There's a question we're often asked during coaching: "Can all these little things really make any difference?" This is a totally logical question because in our busy, over-filled, and often chaotic lives, it's hard to believe that the answer to multiplying our impact could actually stem from something little.
This question takes me back to the first fire I ever went into during firefighter training. The officer kept yelling, "get down, stay low." I got onto my knees and thought to myself, mission accomplished. Then he yelled again, "I mean GET LOW!" Suddenly, as the fire burned the skin on my ears, I realized just 12 inches was the difference between staying safe and getting myself into a life-threatening situation. As I quickly learned, the job of firefighting is made up of a bunch of little things (fundamentals) that, when executed well, save lives, save property, and allow firefighters to return home at the end of our shift.
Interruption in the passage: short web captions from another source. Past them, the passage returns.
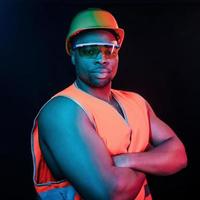 Construction worker in uniform and hard hat. Futuristic neon lighting. Young african american man in the studio photo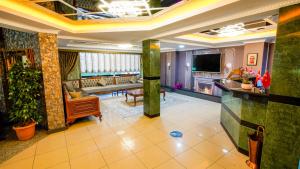 a lobby with a living room and a couch at Gardan Hotel in Beylikduzu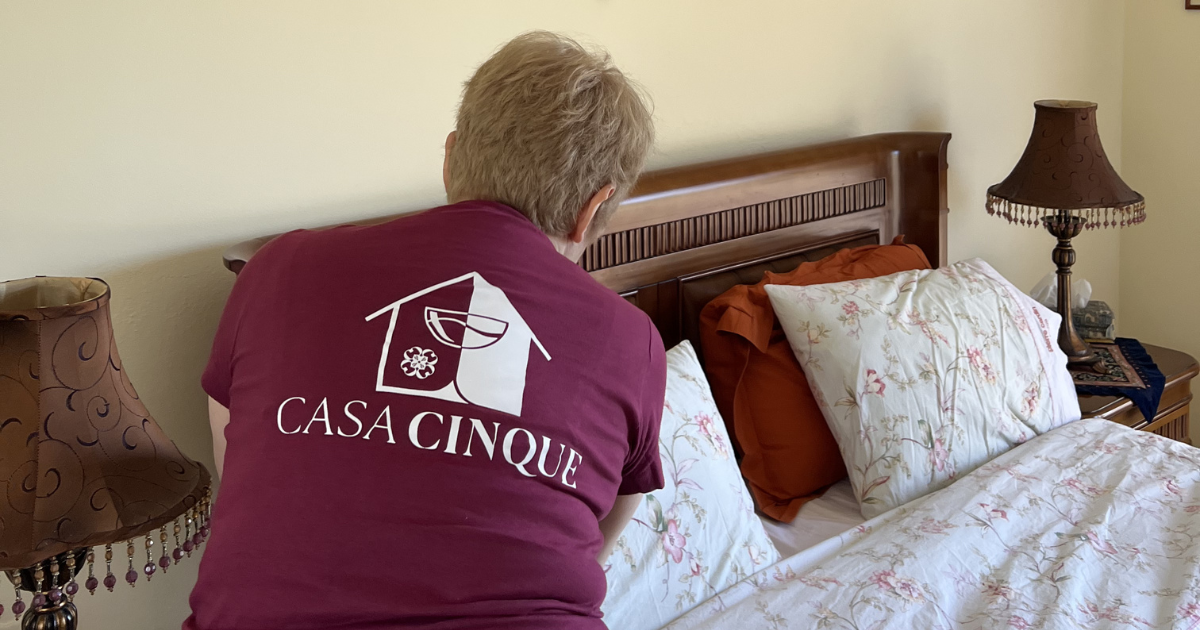 A person wearing a Casa Cinque shirt prepares a bed in a guest room.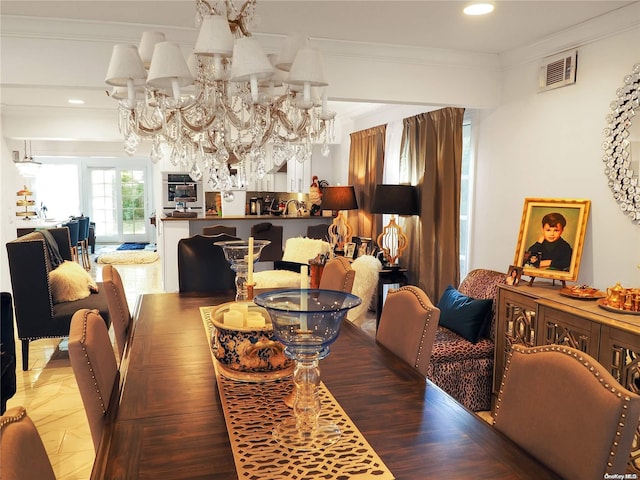 dining space featuring ornamental molding and a chandelier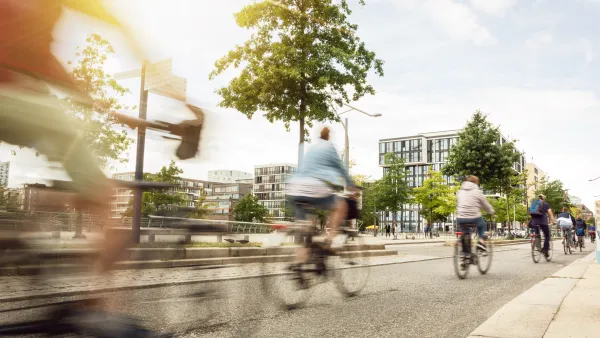 Line of five cyclists bike away from camera in wide protected bike lane on the right side of a street, with low-rise residential buildings in the background.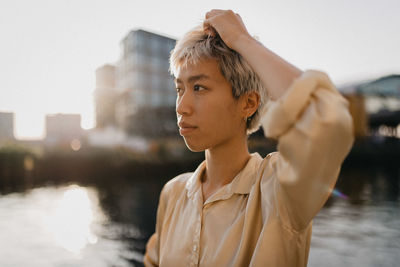 Young woman looking away by the water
The most recent time I was asked about little things making a difference, I started doing some simple math. If you take just three flights of stairs (10 stairs/flight) every work day, you would climb 150 stairs per week and 7,500 stairs each year. Knowing the impact that just one flight of stairs can have on activating your neurological system, your cognitive function, your immune system, and your energy levels... this is a big deal.
If you did just 15 push-ups every day and never went to a gym, you would do 3,750 pushups a year (even with two weeks off for accuracy). Compared to someone who does nothing, that is huge. Especially when you think of the impact this would have on your core strength, your posture, the maintenance of your muscle mass, and more.
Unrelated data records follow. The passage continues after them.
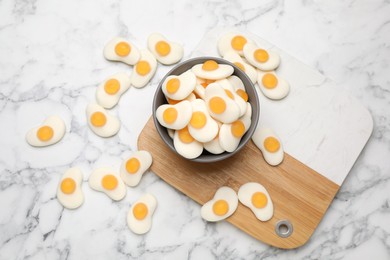 Delicious gummy fried eggs shaped candies on white marble table, flat lay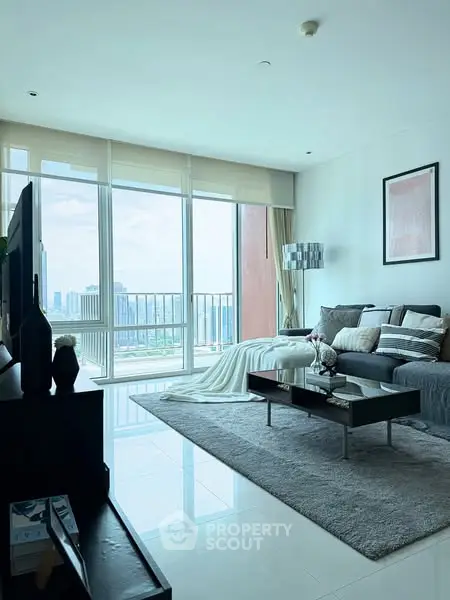 Modern living room with stunning city view and elegant decor
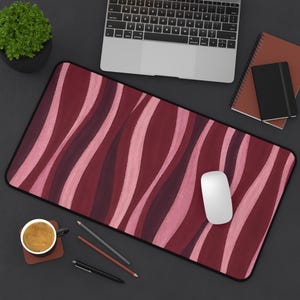May include: A rectangular desk mat featuring a repeating pattern of vertical, wavy stripes in shades of deep burgundy, dark plum, and soft light pink. The mat has rounded corners and a black border, providing a smooth surface for computer peripherals.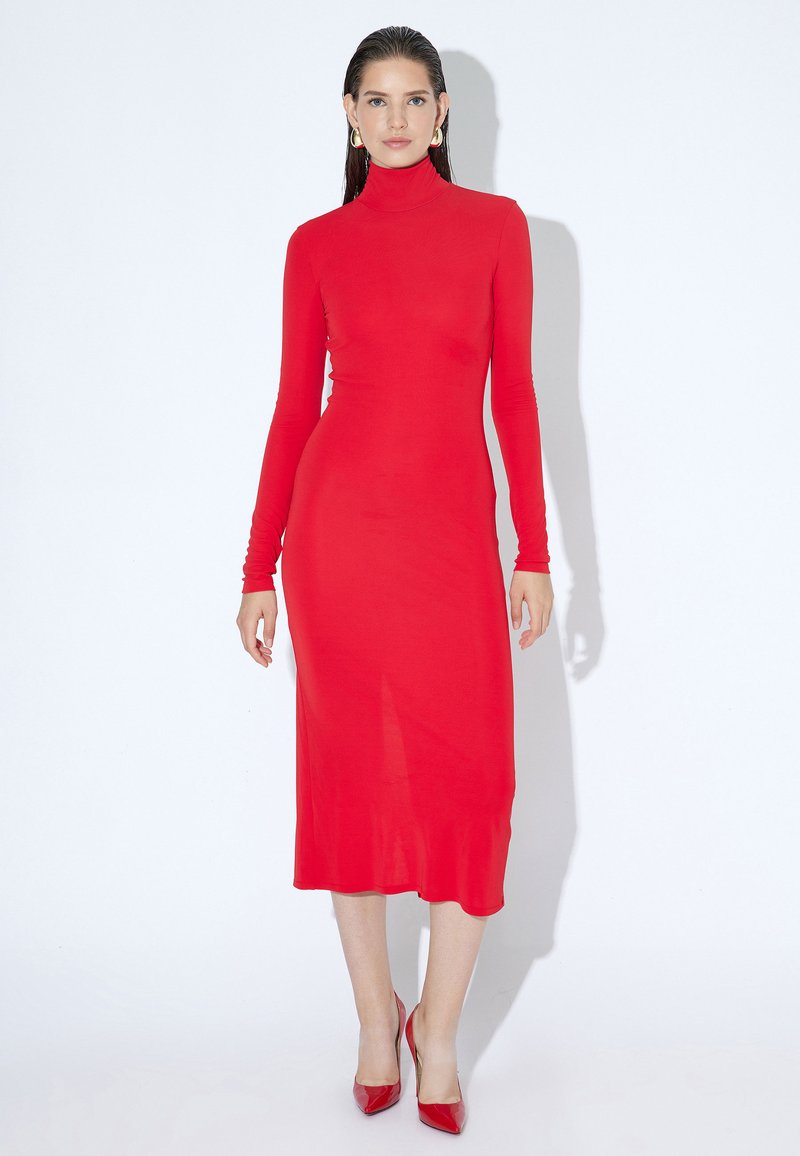 Rød, langærmet, turtleneck kjole i slim fit, med midi længde og glat tekstur. Båret med matchende røde spidse hæle.
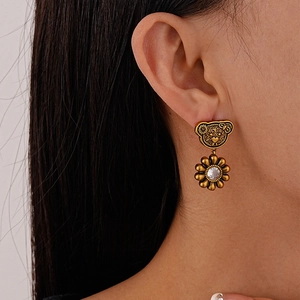 Vintage gold bear and sunflower earrings with zircon stones on female model ear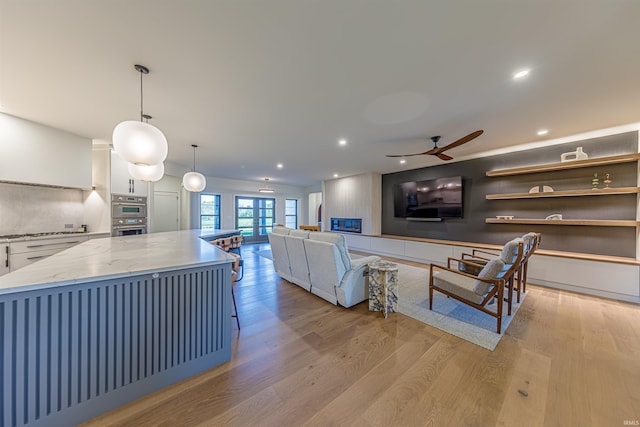 living room with french doors, light hardwood / wood-style flooring, and ceiling fan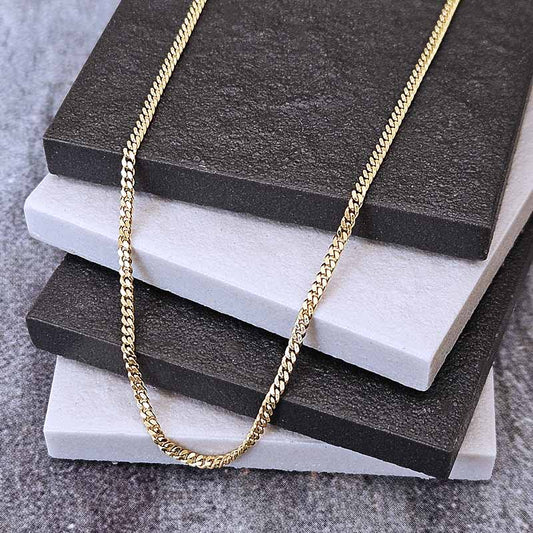 A gold-toned curb chain necklace draped over a stack of dark charcoal and white textured display blocks on a gray surface.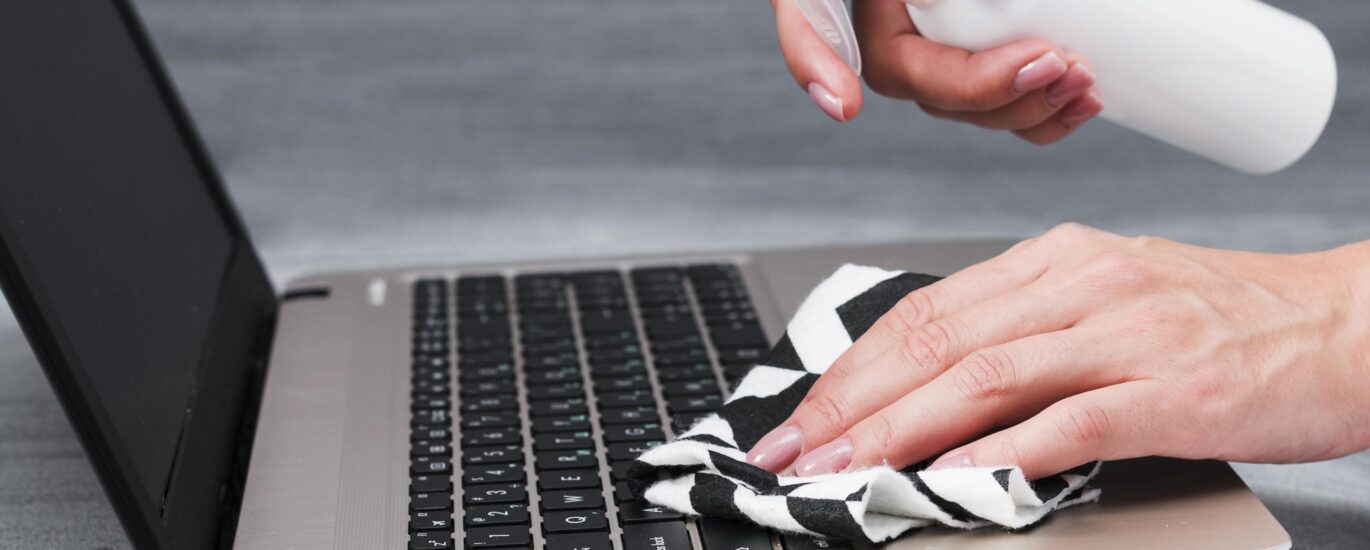 Close-up image showing MacBook Pro screen burn marks with visible dark patches and uneven brightness on the display.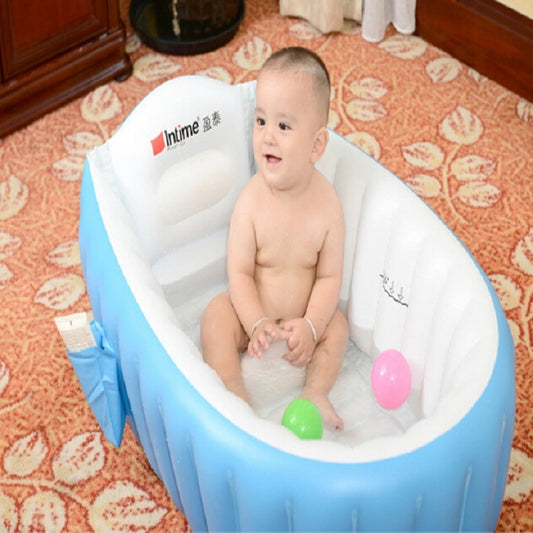 Inflatable baby bath tub with baby sitting inside and two bath balls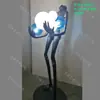 Lámpara de escultura abstracta de bola de personaje Lámpara de sala de exposiciones lámpara de oficina de ventas de hotel Lámpara de decoración artística lámpara de león lámpara de pie con forma humana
If you were to add just one more vegetable to a meal every day, you would eat 250 more servings of vegetables in a year. When you consider the impact this has on your microbiome and gut health, your inflammation, your cognitive function, and your energy level... this is huge.
Imagine if you were to go to bed just 15 minutes earlier a night. You would get 5,475 more minutes (91 hours) of sleep a year. Knowing how important sleep is for memory, creativity, problem solving, and your immune function... this is huge.
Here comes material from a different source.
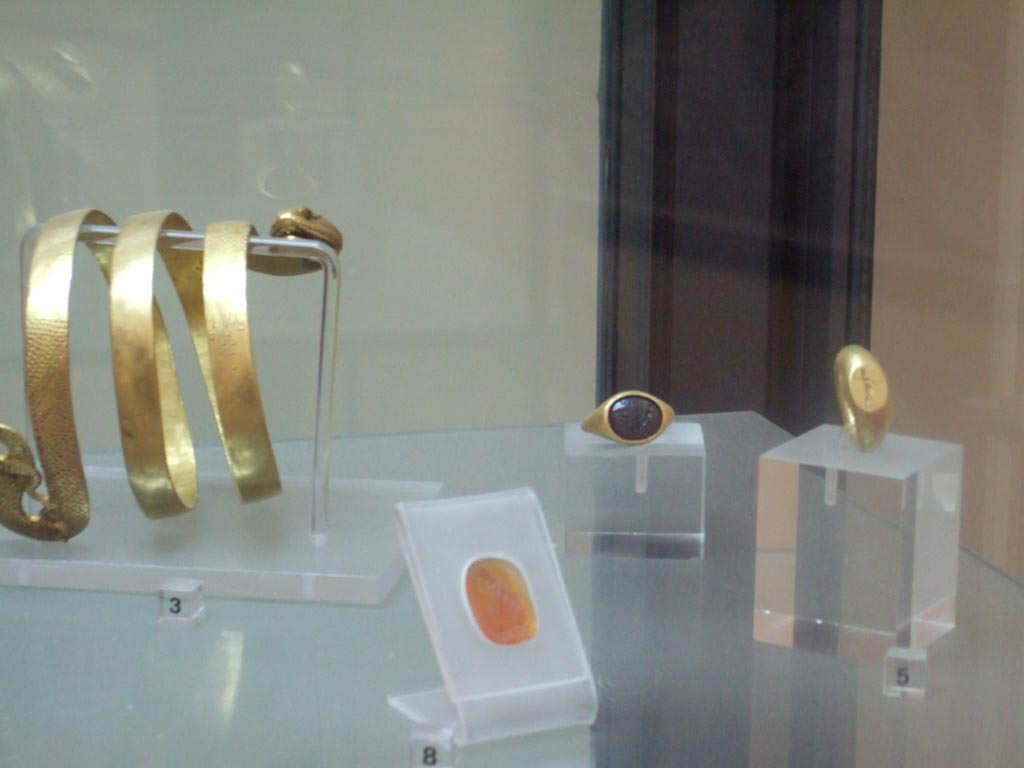 VI.12.2 Pompeii. Found 4th March 1831. Jewellery found in VI.12.2.
Carving on cornelian of bust of a youth, possible Alexander the Great (in front). Inventory number 26766.
Gold ring with oval centre representing Hercules in the garden of Hesperides (on right). Inventory number 25132.
Gold ring with nude figure, with discus/shield and javelin (at rear). Inventory number 25084.
Now in Naples Archaeological Museum.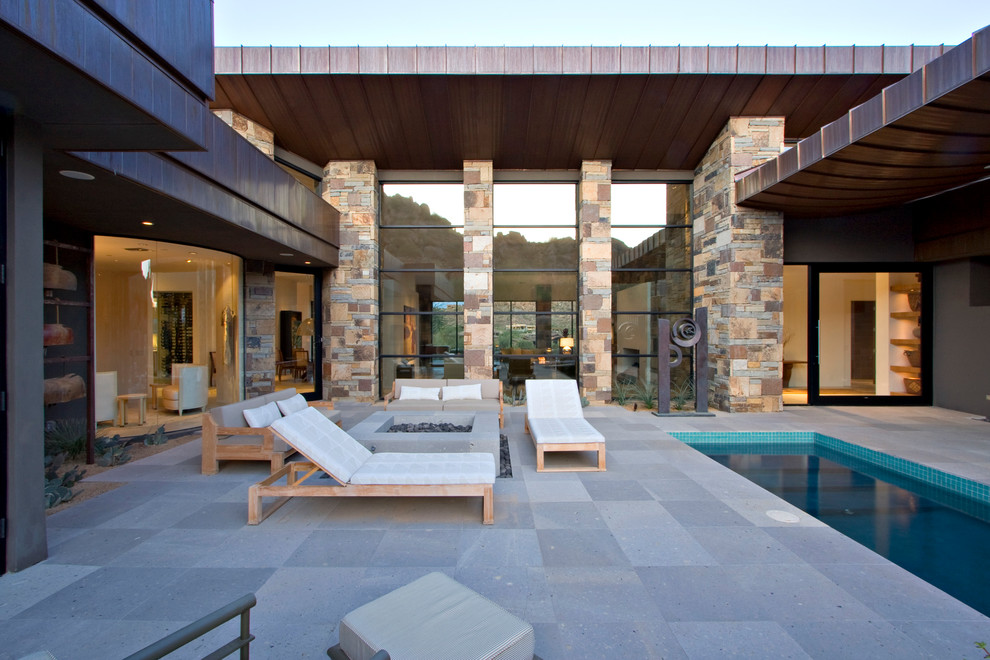 Foto de piscina alargada contemporánea de tamaño medio rectangular en patio trasero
Finally, what if you were to set clear intentions before one work event and while coming home each night, spending just 5 minutes visualizing this before you entered the room/house? These intentions could include how you want to be perceived, what you want the participants/family members to know, and how you want them to feel. This would cost you 2,500 minutes (10 minutes/day), but imagine the moments of impact you would create with those you want to influence and those you love. This is roughly 230 purposeful interactions per year you would create both at work and at home that you may not be creating right now. Suddenly, this doesn't feel like such a little thing anymore.
Life is made up of moments. Success is about multiplying your impact in these moments. This doesn't sound like a little thing to us at TIGNUM, but these impactful moments happen by doing the little things.
As always, I would love to hear what you think.